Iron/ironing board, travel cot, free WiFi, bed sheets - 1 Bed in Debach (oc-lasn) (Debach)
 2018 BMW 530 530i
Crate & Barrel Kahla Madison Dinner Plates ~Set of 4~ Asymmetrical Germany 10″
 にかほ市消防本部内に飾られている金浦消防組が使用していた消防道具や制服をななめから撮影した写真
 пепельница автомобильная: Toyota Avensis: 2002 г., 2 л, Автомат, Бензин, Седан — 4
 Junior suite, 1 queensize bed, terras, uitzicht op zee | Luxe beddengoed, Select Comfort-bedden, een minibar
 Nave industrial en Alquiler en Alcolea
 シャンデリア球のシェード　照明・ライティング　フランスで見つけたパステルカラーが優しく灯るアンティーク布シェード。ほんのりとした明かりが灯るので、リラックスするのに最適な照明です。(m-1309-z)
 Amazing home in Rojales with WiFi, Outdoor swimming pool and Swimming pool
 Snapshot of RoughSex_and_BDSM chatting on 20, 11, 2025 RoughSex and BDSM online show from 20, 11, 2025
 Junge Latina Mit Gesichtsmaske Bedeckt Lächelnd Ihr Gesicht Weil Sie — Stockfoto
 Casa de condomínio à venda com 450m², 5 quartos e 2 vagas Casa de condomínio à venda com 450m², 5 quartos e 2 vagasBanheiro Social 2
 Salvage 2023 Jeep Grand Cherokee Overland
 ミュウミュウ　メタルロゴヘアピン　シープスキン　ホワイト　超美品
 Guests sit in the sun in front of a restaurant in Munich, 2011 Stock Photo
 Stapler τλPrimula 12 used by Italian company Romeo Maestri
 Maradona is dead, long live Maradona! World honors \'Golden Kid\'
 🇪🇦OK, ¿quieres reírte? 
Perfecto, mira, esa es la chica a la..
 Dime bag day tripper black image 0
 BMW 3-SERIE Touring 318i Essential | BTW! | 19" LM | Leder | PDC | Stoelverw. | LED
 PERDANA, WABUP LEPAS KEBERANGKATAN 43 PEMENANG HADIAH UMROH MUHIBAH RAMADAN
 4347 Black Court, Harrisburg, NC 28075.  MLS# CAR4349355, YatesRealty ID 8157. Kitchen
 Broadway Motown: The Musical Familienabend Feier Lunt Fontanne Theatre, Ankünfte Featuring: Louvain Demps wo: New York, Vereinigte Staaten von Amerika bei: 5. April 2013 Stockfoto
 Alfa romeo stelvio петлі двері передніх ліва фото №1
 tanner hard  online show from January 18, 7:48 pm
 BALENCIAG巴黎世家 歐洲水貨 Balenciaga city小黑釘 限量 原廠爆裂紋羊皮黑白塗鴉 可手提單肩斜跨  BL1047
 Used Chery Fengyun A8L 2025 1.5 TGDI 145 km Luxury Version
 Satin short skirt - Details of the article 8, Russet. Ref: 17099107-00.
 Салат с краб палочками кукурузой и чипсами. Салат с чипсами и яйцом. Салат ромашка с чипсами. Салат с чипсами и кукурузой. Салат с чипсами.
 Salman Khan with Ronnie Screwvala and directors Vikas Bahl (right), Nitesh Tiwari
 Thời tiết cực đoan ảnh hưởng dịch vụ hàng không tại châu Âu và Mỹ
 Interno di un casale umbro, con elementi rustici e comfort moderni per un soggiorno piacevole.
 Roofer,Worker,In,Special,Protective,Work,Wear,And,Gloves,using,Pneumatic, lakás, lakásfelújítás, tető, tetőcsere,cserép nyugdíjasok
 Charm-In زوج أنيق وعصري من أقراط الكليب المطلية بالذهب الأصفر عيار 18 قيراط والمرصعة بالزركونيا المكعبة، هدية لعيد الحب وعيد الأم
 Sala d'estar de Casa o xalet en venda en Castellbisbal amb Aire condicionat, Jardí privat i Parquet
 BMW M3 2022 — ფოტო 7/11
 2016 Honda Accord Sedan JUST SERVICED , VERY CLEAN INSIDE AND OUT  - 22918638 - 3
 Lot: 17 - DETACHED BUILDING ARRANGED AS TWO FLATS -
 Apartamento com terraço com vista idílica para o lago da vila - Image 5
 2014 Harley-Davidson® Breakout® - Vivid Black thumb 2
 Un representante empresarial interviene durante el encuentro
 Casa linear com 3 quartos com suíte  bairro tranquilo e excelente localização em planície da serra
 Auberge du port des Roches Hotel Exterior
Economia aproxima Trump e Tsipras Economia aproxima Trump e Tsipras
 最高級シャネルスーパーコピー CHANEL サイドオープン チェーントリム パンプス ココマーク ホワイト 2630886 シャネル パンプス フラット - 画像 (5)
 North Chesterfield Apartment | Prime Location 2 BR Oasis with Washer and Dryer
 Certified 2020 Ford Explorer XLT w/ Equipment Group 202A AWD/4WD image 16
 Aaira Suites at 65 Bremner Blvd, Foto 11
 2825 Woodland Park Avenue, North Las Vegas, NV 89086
● ● ● ●
→ What is required:
Please retype all of the material above, keeping it exact.

→ Result of the exercise:
Iron/ironing board, travel cot, free WiFi, bed sheets - 1 Bed in Debach (oc-lasn) (Debach)
 2018 BMW 530 530i
Crate & Barrel Kahla Madison Dinner Plates ~Set of 4~ Asymmetrical Germany 10″
 にかほ市消防本部内に飾られている金浦消防組が使用していた消防道具や制服をななめから撮影した写真
 пепельница автомобильная: Toyota Avensis: 2002 г., 2 л, Автомат, Бензин, Седан — 4
 Junior suite, 1 queensize bed, terras, uitzicht op zee | Luxe beddengoed, Select Comfort-bedden, een minibar
 Nave industrial en Alquiler en Alcolea
 シャンデリア球のシェード　照明・ライティング　フランスで見つけたパステルカラーが優しく灯るアンティーク布シェード。ほんのりとした明かりが灯るので、リラックスするのに最適な照明です。(m-1309-z)
 Amazing home in Rojales with WiFi, Outdoor swimming pool and Swimming pool
 Snapshot of RoughSex_and_BDSM chatting on 20, 11, 2025 RoughSex and BDSM online show from 20, 11, 2025
 Junge Latina Mit Gesichtsmaske Bedeckt Lächelnd Ihr Gesicht Weil Sie — Stockfoto
 Casa de condomínio à venda com 450m², 5 quartos e 2 vagas Casa de condomínio à venda com 450m², 5 quartos e 2 vagasBanheiro Social 2
 Salvage 2023 Jeep Grand Cherokee Overland
 ミュウミュウ　メタルロゴヘアピン　シープスキン　ホワイト　超美品
 Guests sit in the sun in front of a restaurant in Munich, 2011 Stock Photo
 Stapler τλPrimula 12 used by Italian company Romeo Maestri
 Maradona is dead, long live Maradona! World honors \'Golden Kid\'
 🇪🇦OK, ¿quieres reírte? 
Perfecto, mira, esa es la chica a la..
 Dime bag day tripper black image 0
 BMW 3-SERIE Touring 318i Essential | BTW! | 19" LM | Leder | PDC | Stoelverw. | LED
 PERDANA, WABUP LEPAS KEBERANGKATAN 43 PEMENANG HADIAH UMROH MUHIBAH RAMADAN
 4347 Black Court, Harrisburg, NC 28075.  MLS# CAR4349355, YatesRealty ID 8157. Kitchen
 Broadway Motown: The Musical Familienabend Feier Lunt Fontanne Theatre, Ankünfte Featuring: Louvain Demps wo: New York, Vereinigte Staaten von Amerika bei: 5. April 2013 Stockfoto
 Alfa romeo stelvio петлі двері передніх ліва фото №1
 tanner hard  online show from January 18, 7:48 pm
 BALENCIAG巴黎世家 歐洲水貨 Balenciaga city小黑釘 限量 原廠爆裂紋羊皮黑白塗鴉 可手提單肩斜跨  BL1047
 Used Chery Fengyun A8L 2025 1.5 TGDI 145 km Luxury Version
 Satin short skirt - Details of the article 8, Russet. Ref: 17099107-00.
 Салат с краб палочками кукурузой и чипсами. Салат с чипсами и яйцом. Салат ромашка с чипсами. Салат с чипсами и кукурузой. Салат с чипсами.
 Salman Khan with Ronnie Screwvala and directors Vikas Bahl (right), Nitesh Tiwari
 Thời tiết cực đoan ảnh hưởng dịch vụ hàng không tại châu Âu và Mỹ
 Interno di un casale umbro, con elementi rustici e comfort moderni per un soggiorno piacevole.
 Roofer,Worker,In,Special,Protective,Work,Wear,And,Gloves,using,Pneumatic, lakás, lakásfelújítás, tető, tetőcsere,cserép nyugdíjasok
 Charm-In زوج أنيق وعصري من أقراط الكليب المطلية بالذهب الأصفر عيار 18 قيراط والمرصعة بالزركونيا المكعبة، هدية لعيد الحب وعيد الأم
 Sala d'estar de Casa o xalet en venda en Castellbisbal amb Aire condicionat, Jardí privat i Parquet
 BMW M3 2022 — ფოტო 7/11
 2016 Honda Accord Sedan JUST SERVICED , VERY CLEAN INSIDE AND OUT  - 22918638 - 3
 Lot: 17 - DETACHED BUILDING ARRANGED AS TWO FLATS -
 Apartamento com terraço com vista idílica para o lago da vila - Image 5
 2014 Harley-Davidson® Breakout® - Vivid Black thumb 2
 Un representante empresarial interviene durante el encuentro
 Casa linear com 3 quartos com suíte  bairro tranquilo e excelente localização em planície da serra
 Auberge du port des Roches Hotel Exterior
Economia aproxima Trump e Tsipras Economia aproxima Trump e Tsipras
 最高級シャネルスーパーコピー CHANEL サイドオープン チェーントリム パンプス ココマーク ホワイト 2630886 シャネル パンプス フラット - 画像 (5)
 North Chesterfield Apartment | Prime Location 2 BR Oasis with Washer and Dryer
 Certified 2020 Ford Explorer XLT w/ Equipment Group 202A AWD/4WD image 16
 Aaira Suites at 65 Bremner Blvd, Foto 11
 2825 Woodland Park Avenue, North Las Vegas, NV 89086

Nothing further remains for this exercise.